Even so those people are still monitored and systems can trip flashes if they start acting suspicious.

ang_cire 6 hours ago

> In general we trust people that we bring onto our team not to betray us and to respect general rules and policies and practices that benefit everyone.

And yet we give people the least privileges necessary to do their jobs for a reason, and it is in fact partially so that if they turn malicious, their potential damage is limited. We also have logging of actions employees do, etc etc.

So yes, in the general sense we do trust that employees are not outright and automatically malicious, but we do put *very broad* constraints on them to limit the risk they present.

Just as we 'sandbox' employees via e.g. RBAC restrictions, we sandbox AI.

[-]

SirMaster 6 hours ago

But if there is a policy in place to prevent some sort of modification, then performing an exploit or workaround to make the modification anyways is arguably understood and respected by most people.

That seems to be the difference here, we should really be building AI systems that can be taught or that learn to respect things like that.

If people are claiming that AI is so smart or smarter than the average person then it shouldn't be hard for it to handle this.

Otherwise it seems people are being to generous in talking about how smart and capable AI systems truly are.

bastawhiz 7 hours ago

Non-sentient technology has no concept of good or bad. We have no idea how to give it one. Even if we gave it one, we'd have no idea how to teach it to "choose good".

> In general we trust people that we bring onto our team not to betray us and to respect general rules and policies and practices that benefit everyone. An AI teammate should be no different.
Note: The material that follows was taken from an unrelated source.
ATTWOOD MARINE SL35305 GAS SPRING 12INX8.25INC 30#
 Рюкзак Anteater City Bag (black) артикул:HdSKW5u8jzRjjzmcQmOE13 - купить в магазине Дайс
That misses the point completely. How many of your coworkers fail phishing tests? It's not malicious, it's about being deceived.

[-]

SirMaster 6 hours ago

But we do give humans responsibility to govern and manage critical things. We do give intrinsic trust to people. There are people at your company who have high level access and could do bad things, but they don't do it because they know better.

This article acts like we can never possibly give that sort of trust to AI because it's never really on our side or aligned with our goals. IMO that's a fools errand because you can never really completely secure something and ensure there are no possible exploits.

Honestly it doesn't really seem like AI to me if it can't learn this type of judgement. It doesn't seem like we should be barking up this tree if this is how we have to treat this new tool IMO. Seems too risky.